April 23, 2026 · Engineering

768 Encrypted Comparisons Per Second. No GPU.

Production-grade encrypted decision making on a single ARM Graviton4 CPU. 96-channel TFHE. 768 TPS on 8-bit greater-than. All NIST security tests passed. 20,000+ tests across the platform. No CUDA. No driver dependencies. Just Rust.

The Numbers

768 TPS

8-bit Greater-Than · 96-channel ARM Graviton4 · No GPU · Measured

This is a measured throughput number from a production-grade TFHE implementation running on a single AWS c8g.metal-48xl instance — 96 ARM Neoverse V2 cores, no GPU, no accelerator. The workload is fully homomorphic encryption: encrypted comparison and equality operations on multi-bit values, including full programmable bootstrapping, with every result post-quantum attested. All NIST security tests passed. 20,000+ tests across the platform.

With 96 channels executing independent operations in parallel, sustained throughput reaches 768 TPS for 8-bit greater-than comparisons — measured under sustained load, not projected from single-channel latency. The 96-channel architecture scales across bit widths: 372 TPS for 16-bit, 182 TPS for 32-bit, and 91 TPS for 64-bit comparisons. Equality checks are even faster at 769 TPS for 16-bit.

Why This Matters

Encrypted decisions are the operations where privacy meets business logic. "Is this encrypted credit score above the threshold?" "Does this encrypted biometric match?" "Is this encrypted transaction within limits?" These are comparison and threshold operations on data that never leaves encryption.

Fully homomorphic encryption makes these operations mathematically possible. The question has always been whether it can be made fast enough for production systems. The answer, as of today, is yes — on commodity CPU hardware, without specialized accelerators.

The production reality: A single Graviton4 instance delivers 768 encrypted 8-bit comparisons per second across 96 channels — measured under sustained parallel load. 16-bit comparisons at 372 TPS. 32-bit at 182 TPS. 64-bit at 91 TPS. 16-bit equality at 769 TPS. These are real-time throughputs for compliance, fraud detection, and identity verification workloads.

The Architecture

One Gate at a Time

A single TFHE operation is inherently sequential.
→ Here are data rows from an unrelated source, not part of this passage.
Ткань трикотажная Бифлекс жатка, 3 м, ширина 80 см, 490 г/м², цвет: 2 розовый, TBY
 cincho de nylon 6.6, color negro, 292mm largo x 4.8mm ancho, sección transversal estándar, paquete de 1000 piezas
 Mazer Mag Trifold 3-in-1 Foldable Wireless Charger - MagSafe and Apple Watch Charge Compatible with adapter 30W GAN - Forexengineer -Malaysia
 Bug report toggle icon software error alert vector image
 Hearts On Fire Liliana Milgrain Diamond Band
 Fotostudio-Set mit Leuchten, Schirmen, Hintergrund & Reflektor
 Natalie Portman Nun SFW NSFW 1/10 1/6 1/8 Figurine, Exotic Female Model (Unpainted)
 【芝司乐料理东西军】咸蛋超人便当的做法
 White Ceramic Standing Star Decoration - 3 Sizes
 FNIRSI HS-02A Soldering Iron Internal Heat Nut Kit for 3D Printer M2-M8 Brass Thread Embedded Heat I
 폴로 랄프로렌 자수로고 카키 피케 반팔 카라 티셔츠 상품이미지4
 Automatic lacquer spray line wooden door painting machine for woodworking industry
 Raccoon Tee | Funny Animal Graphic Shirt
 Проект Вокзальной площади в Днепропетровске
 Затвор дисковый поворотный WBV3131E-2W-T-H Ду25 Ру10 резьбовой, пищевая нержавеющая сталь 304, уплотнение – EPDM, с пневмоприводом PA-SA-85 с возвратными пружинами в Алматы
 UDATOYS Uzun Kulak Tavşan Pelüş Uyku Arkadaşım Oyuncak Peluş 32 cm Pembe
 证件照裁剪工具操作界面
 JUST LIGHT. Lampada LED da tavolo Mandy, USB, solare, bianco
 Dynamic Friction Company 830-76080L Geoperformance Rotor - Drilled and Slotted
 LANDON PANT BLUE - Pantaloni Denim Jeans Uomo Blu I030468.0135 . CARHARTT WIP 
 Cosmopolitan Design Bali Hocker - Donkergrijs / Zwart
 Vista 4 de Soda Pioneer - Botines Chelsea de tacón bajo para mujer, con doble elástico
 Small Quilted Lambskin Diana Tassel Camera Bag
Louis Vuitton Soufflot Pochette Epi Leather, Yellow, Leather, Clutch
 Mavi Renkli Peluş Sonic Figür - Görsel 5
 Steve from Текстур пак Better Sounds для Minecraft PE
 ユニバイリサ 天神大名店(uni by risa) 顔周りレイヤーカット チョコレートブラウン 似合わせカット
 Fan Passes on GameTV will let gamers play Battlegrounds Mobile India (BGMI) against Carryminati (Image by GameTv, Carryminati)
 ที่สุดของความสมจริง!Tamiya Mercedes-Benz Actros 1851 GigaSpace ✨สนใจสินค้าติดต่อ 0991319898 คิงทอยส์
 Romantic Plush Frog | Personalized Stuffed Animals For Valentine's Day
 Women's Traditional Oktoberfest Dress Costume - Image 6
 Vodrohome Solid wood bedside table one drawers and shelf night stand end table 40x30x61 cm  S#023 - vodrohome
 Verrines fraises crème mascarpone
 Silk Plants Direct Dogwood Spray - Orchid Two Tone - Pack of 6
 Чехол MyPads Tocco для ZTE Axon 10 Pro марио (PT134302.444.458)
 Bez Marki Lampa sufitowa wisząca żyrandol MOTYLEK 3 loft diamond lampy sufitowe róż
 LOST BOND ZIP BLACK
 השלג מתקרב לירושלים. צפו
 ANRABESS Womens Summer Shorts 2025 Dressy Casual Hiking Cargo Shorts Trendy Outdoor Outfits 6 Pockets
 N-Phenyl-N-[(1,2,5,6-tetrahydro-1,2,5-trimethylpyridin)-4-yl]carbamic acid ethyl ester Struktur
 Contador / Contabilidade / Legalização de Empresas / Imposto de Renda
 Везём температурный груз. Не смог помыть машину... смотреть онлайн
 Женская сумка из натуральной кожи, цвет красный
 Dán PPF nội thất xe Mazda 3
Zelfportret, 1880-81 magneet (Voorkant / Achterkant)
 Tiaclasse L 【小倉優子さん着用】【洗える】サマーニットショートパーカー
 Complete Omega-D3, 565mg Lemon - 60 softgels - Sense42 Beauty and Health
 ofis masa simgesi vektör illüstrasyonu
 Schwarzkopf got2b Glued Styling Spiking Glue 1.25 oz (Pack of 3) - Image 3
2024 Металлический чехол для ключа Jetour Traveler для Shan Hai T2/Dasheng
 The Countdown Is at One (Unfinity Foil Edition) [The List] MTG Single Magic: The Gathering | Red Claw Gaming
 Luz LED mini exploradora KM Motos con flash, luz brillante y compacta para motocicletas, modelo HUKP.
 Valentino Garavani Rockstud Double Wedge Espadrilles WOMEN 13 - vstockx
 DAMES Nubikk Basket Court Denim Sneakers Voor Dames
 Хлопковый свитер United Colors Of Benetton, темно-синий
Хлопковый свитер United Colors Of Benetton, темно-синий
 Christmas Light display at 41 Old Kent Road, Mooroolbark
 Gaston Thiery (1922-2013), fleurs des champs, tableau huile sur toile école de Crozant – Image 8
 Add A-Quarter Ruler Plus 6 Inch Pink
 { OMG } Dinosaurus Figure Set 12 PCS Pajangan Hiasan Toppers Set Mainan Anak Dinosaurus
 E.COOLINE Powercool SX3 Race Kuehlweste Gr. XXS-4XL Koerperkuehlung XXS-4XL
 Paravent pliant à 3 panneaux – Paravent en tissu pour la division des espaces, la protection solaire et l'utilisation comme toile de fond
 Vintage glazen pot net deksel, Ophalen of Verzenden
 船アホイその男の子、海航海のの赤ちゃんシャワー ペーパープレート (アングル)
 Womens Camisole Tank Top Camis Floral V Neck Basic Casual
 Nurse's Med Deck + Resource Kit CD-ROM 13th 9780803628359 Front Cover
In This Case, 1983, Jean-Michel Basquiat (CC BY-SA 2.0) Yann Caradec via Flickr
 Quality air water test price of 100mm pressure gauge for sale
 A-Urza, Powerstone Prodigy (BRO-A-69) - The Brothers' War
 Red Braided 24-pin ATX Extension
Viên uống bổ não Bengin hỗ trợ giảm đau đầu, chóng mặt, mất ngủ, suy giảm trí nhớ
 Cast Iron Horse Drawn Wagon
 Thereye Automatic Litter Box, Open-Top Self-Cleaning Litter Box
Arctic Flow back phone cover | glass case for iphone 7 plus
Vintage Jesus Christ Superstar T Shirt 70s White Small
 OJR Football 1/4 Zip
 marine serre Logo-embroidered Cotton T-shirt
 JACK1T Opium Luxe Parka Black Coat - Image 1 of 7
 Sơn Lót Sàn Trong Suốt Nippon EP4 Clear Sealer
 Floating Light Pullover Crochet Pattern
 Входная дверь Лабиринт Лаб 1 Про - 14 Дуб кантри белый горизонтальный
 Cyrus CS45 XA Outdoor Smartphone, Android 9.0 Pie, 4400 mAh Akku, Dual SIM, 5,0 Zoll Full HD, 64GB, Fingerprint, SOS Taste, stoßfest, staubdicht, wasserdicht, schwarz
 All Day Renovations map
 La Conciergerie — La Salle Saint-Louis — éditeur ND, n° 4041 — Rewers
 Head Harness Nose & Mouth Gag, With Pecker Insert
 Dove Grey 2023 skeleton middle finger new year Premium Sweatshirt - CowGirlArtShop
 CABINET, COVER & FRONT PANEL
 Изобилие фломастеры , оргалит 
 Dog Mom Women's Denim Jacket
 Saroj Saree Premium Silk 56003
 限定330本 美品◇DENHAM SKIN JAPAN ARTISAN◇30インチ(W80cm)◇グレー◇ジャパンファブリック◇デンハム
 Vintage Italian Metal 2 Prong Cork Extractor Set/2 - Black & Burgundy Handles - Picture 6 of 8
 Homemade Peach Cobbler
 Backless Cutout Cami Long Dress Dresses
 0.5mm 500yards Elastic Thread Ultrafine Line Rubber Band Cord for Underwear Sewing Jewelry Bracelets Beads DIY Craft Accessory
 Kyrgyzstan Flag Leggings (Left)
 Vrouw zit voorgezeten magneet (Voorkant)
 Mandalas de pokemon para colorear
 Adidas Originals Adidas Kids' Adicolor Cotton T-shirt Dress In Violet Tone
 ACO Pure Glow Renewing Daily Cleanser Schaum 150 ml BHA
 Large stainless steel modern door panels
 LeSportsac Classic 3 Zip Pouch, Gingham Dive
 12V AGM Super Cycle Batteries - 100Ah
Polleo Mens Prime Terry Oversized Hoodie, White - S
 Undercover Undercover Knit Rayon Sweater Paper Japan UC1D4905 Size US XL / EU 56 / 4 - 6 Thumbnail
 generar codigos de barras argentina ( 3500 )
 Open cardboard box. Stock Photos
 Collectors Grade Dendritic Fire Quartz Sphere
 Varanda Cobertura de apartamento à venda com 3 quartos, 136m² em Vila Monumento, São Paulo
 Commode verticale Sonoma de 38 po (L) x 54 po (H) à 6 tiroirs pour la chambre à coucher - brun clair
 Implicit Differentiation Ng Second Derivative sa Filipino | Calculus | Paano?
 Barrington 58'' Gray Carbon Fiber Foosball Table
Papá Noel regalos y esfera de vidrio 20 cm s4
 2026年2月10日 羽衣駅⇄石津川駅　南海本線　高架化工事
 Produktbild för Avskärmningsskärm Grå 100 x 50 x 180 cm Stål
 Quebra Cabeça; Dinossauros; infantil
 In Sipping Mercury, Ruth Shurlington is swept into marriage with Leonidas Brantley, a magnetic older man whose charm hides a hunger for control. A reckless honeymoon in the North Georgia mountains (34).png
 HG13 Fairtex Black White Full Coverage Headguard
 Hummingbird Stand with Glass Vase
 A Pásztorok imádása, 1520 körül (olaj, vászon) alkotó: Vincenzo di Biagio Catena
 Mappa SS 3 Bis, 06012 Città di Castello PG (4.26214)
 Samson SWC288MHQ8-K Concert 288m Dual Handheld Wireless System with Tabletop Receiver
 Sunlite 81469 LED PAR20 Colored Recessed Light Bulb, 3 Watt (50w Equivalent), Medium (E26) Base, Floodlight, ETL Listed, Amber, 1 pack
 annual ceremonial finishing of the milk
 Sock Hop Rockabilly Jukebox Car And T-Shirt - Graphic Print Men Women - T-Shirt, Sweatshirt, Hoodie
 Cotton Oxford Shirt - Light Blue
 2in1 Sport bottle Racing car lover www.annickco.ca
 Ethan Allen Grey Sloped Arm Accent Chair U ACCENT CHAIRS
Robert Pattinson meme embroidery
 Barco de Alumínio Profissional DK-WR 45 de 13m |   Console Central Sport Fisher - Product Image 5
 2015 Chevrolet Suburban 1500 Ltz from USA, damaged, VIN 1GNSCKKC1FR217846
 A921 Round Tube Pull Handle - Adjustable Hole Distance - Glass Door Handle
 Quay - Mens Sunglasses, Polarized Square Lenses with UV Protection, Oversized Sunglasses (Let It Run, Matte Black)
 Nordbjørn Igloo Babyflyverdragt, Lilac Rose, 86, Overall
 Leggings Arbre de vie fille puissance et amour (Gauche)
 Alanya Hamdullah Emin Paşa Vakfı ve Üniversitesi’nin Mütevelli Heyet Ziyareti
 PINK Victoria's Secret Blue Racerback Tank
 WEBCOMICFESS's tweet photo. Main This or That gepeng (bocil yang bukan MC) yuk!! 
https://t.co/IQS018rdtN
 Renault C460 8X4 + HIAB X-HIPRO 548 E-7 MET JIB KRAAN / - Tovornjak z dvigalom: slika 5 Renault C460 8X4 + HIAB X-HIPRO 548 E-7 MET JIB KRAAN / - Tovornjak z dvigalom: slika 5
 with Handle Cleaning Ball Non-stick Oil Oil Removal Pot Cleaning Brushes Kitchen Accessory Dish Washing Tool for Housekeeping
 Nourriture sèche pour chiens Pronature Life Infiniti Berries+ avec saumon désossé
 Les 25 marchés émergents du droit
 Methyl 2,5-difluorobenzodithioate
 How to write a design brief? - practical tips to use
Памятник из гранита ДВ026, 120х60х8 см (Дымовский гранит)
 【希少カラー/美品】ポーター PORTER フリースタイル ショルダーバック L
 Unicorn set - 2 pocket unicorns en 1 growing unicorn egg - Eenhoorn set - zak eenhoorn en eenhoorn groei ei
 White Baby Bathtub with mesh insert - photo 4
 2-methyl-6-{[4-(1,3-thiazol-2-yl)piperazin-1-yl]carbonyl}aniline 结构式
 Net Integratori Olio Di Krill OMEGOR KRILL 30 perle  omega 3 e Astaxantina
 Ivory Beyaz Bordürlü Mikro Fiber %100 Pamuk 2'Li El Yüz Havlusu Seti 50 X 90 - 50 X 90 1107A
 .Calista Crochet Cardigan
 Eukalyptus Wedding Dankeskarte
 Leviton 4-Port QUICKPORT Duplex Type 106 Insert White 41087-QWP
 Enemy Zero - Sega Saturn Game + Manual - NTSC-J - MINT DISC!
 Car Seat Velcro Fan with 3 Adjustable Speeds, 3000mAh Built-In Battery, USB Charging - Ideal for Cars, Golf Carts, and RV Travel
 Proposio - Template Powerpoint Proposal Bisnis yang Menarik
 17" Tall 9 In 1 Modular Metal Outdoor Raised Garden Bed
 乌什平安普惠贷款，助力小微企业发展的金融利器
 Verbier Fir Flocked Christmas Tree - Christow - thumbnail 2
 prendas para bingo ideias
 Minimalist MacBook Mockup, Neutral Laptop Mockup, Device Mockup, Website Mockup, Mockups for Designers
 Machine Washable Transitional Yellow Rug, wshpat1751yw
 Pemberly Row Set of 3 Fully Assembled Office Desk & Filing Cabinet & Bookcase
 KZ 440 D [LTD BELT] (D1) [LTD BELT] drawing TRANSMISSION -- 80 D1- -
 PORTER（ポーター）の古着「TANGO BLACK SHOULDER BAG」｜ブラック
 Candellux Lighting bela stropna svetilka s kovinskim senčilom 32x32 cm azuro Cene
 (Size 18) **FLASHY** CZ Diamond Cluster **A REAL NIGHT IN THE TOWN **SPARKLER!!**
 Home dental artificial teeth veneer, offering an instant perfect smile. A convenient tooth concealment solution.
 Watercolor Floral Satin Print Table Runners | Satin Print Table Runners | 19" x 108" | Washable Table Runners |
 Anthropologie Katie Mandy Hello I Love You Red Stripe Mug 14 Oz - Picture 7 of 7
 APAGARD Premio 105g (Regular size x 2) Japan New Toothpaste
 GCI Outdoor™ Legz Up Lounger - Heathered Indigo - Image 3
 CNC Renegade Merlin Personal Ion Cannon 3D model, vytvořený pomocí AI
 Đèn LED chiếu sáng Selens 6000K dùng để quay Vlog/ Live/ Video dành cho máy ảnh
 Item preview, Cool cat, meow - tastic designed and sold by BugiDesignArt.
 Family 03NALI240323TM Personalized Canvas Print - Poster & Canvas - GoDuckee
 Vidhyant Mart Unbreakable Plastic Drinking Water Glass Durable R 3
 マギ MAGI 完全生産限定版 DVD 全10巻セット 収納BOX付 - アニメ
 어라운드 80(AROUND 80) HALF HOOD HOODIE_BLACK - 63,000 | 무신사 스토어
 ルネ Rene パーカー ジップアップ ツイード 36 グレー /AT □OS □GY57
The programmable bootstrap — the core operation that refreshes noise and evaluates the gate function — requires hundreds of iterations of a blind rotation loop. Each iteration depends on the previous iteration's accumulator. This cannot be parallelized within a single operation.

On the Graviton4, one channel completes an encrypted comparison at its bit width's sequential depth. That is the latency floor for a single encrypted decision. No amount of hardware can make one operation faster than the sequential depth of the blind rotation.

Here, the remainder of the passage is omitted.